Kediri – Badan Pengawas Pemilu (Bawaslu) Kabupaten Kediri terus menindaklanjuti laporan mengenai dugaan pelanggaran netralitas Aparatur Sipil Negara (ASN) yang melibatkan sejumlah pejabat tinggi di lingkungan Pemerintahan Kabupaten Kediri. Dugaan tersebut kini telah diserahkan kepada Badan Kepegawaian Negara (BKN) untuk mendapatkan tindak lanjut yang lebih mendalam terkait sanksi yang mungkin akan dikenakan.
Divisi Penanganan Pelanggaran Bawaslu Kabupaten Kediri, Mohammad Hamdani, menyampaikan bahwa pihaknya telah melakukan pleno dan pengkajian setelah menerima laporan dari masyarakat terkait dugaan pelanggaran tersebut.
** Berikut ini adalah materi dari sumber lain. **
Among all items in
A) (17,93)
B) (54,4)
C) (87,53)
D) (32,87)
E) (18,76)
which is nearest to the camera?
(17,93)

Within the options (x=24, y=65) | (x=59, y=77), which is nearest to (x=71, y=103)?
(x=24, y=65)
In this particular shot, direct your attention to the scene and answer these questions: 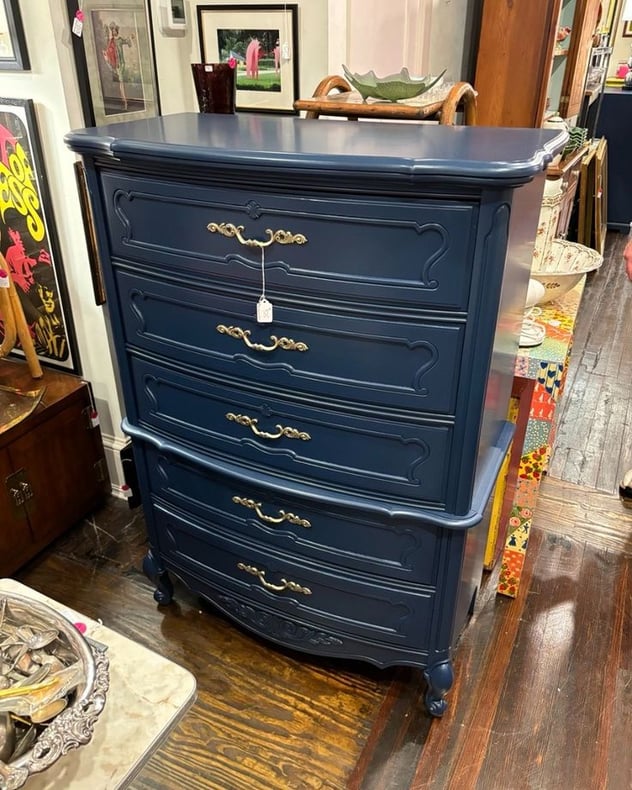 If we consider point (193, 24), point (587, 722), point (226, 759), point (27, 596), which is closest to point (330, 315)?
point (27, 596)

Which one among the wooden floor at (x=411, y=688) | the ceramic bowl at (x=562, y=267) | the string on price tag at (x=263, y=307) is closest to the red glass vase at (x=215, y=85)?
the string on price tag at (x=263, y=307)

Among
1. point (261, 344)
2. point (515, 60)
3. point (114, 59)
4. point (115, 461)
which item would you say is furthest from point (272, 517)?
point (515, 60)

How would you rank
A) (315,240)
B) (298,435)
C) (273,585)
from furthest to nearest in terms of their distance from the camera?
(273,585) → (298,435) → (315,240)

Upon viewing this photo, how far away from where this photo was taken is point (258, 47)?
1907mm

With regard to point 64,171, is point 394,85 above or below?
above

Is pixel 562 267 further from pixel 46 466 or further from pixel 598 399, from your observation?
pixel 46 466

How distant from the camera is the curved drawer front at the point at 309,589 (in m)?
1.41

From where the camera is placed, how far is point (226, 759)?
148 cm

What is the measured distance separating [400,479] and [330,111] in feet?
3.04

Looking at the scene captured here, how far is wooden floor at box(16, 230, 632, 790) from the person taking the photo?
1451 millimetres

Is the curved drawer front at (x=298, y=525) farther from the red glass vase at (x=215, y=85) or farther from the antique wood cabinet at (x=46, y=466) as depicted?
the red glass vase at (x=215, y=85)

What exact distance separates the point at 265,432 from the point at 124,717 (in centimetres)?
60

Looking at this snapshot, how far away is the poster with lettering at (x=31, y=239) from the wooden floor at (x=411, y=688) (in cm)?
63

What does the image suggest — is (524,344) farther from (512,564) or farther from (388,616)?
(388,616) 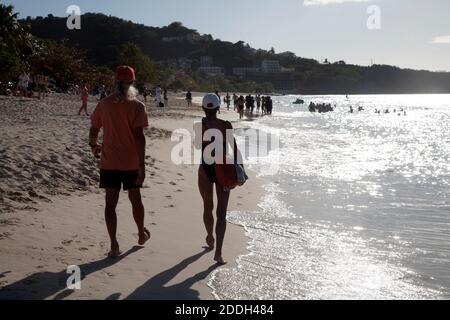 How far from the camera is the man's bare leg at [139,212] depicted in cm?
449

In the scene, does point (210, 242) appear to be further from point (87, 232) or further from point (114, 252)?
point (87, 232)

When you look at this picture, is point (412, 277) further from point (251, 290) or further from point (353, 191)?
point (353, 191)

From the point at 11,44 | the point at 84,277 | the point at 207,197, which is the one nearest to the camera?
the point at 84,277

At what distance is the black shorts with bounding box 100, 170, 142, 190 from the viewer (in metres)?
4.28

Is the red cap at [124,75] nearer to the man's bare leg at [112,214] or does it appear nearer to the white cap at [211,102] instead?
the white cap at [211,102]

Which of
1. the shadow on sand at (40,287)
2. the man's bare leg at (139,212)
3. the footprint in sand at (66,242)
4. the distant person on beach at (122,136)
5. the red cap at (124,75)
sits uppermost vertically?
the red cap at (124,75)

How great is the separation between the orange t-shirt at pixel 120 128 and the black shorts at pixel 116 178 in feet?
0.14

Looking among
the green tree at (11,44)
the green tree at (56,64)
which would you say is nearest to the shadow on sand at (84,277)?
the green tree at (11,44)

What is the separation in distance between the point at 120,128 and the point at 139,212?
0.88 m

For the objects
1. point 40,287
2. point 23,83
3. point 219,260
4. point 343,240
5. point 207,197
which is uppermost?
point 23,83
Hasil dari kajian tersebut kemudian menjadi dasar untuk melanjutkan laporan ke BKN.
“Setelah tiga hari menerima laporan terkait dugaan pelanggaran netralitas ASN, kami langsung meneruskan hasil kajian tersebut ke BKN. Ini sebagai bagian dari langkah kami untuk menindaklanjuti laporan yang ada dan memastikan bahwa prosesnya berjalan sesuai prosedur,” ujar Hamdani, Rabu (18/9/2024).
Hamdani juga menambahkan bahwa dalam pelaporan ke BKN, Bawaslu Kabupaten Kediri menyertakan sejumlah bukti yang dapat digunakan untuk pengkajian lebih lanjut oleh BKN. Bukti-bukti ini dianggap cukup kuat untuk mendukung adanya dugaan pelanggaran netralitas yang dilakukan oleh beberapa ASN di lingkungan Pemkab Kediri.
“Memang ada indikasi kuat terkait pelanggaran netralitas ASN. Namun, keputusan akhir mengenai sanksi akan diserahkan kepada BKN setelah mereka melakukan pemeriksaan lebih lanjut,” tambah Hamdani.
Sebelumnya, dugaan pelanggaran ini mencuat dari laporan sejumlah warga dan Lembaga Swadaya Masyarakat (LSM) beberapa hari lalu. Mereka melaporkan adanya dugaan bahwa beberapa pejabat di lingkungan Pemkab Kediri melakukan tindakan yang tidak sesuai dengan prinsip netralitas ASN. Pelanggaran ini diduga terjadi di dua lokasi, yakni di Kecamatan Pare dan di area Kantor Pemkab Kediri.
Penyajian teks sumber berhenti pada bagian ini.